I sofisti, che erano educatori professionali, introdussero una forma di educazione superiore il cui successo commerciale attestava ed era promosso dalla sua utilità sociale e dalla sua efficacia pratica. Inaugurarono il genere letterario della lezione pubblica, che avrebbe avuto una lunga popolarità. Si trattava di un insegnamento orientato in una direzione del tutto realistica, l’educazione alla partecipazione politica. I sofisti non pretendevano né di trasmettere né di cercare la verità sull’uomo o sull’esistenza; offrivano semplicemente un’arte di successo nella vita politica, che significava soprattutto essere capaci in ogni occasione di far prevalere il proprio punto di vista.
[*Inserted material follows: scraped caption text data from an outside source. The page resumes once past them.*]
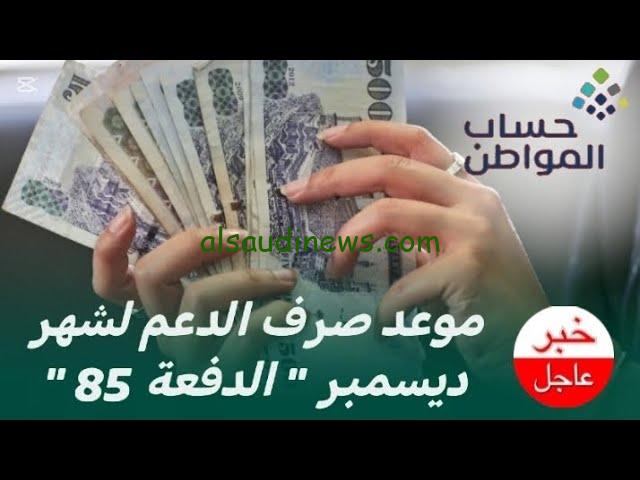 رسميا .. موعد نزول حساب المواطن الدفعة الـ 85 لشهر ديسمبر وخطوات الاستعلام عنها من portal.ca.gov.sa
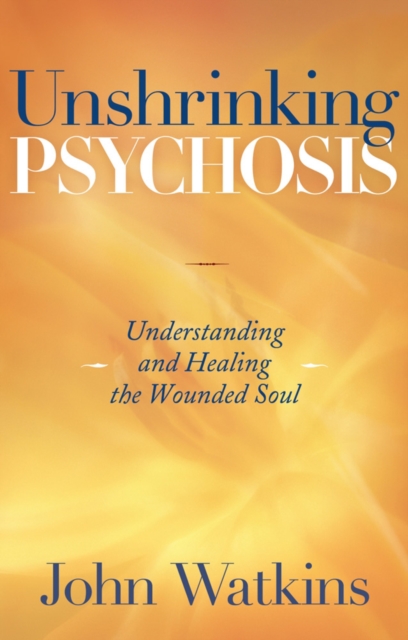 Unshrinking Psychosis : Understanding and Healing the Wounded Soul, Paperback / softback Book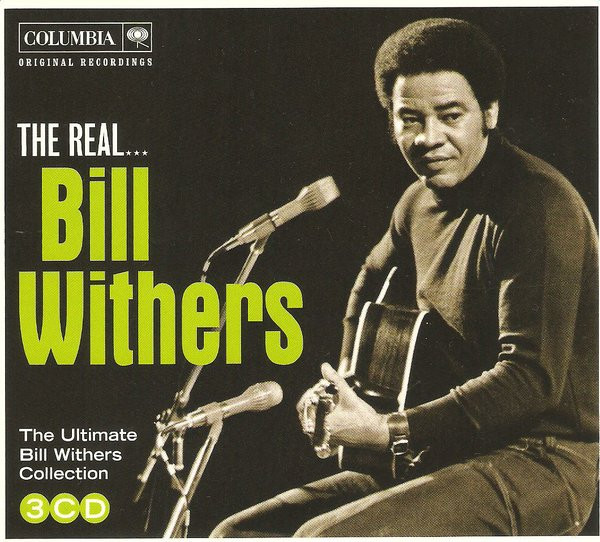 REAL... BILL WITHERS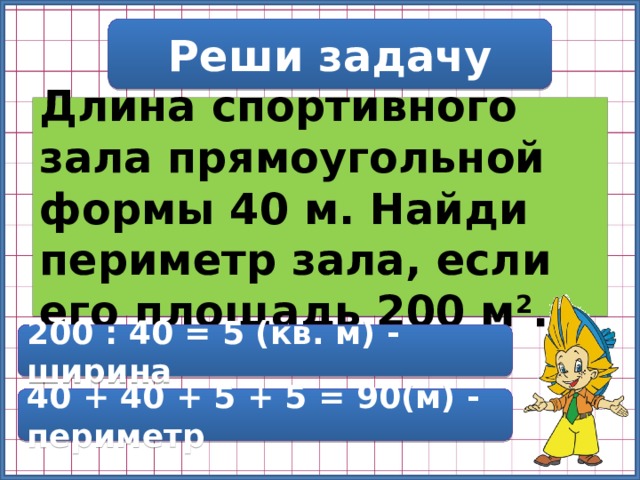 Реши задачу Длина спортивного зала прямоугольной формы 40 м. Найди периметр зала, если его площадь 200 м 2 . 200 : 40 = 5 (кв. м) - ширина 40 + 40 + 5 + 5 = 90(м) - периметр 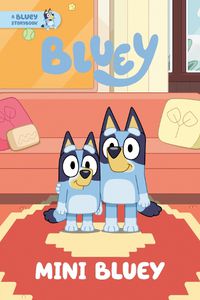 Cover image for Mini Bluey: A Bluey Storybook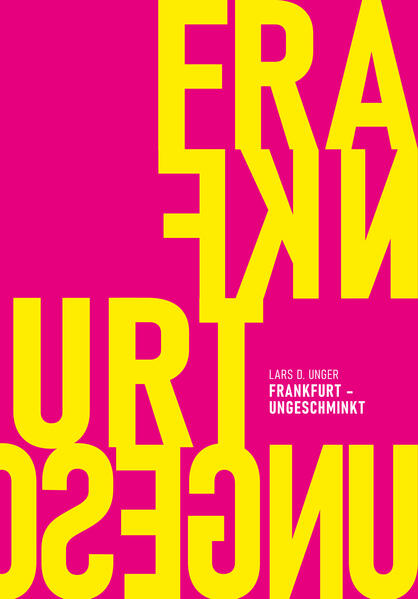 Produktbild: Frankfurt ungeschminkt | Lars D. Unger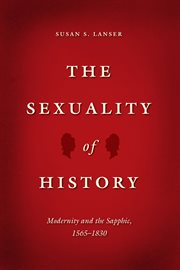 The sexuality of history : modernity and the sapphic, 1565-1830 cover image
Due discipline principali costituivano il programma: l’arte dell’argomentazione logica, o dialettica, e l’arte del discorso persuasivo, o retorica, le due scienze umanistiche più fiorenti dell’antichità. Queste discipline i sofisti le fondarono distillando dall’esperienza i loro principi generali e le loro strutture logiche, rendendo così possibile la loro trasmissione su base teorica da maestro ad allievo.
Alla pedagogia dei sofisti si oppose l’attività di Socrate, che, come erede della precedente tradizione aristocratica, era allarmato da questo utilitarismo radicale. Dubitava che la virtù potesse essere insegnata, specialmente per il denaro, una sostanza degradante. Erede dei vecchi saggi dei tempi passati, Socrate sosteneva che l’ideale supremo dell’uomo, e quindi dell’educazione, non era lo spirito di efficienza e potere, ma la ricerca disinteressata dell’assoluto, della virtù – in breve, della conoscenza e della comprensione.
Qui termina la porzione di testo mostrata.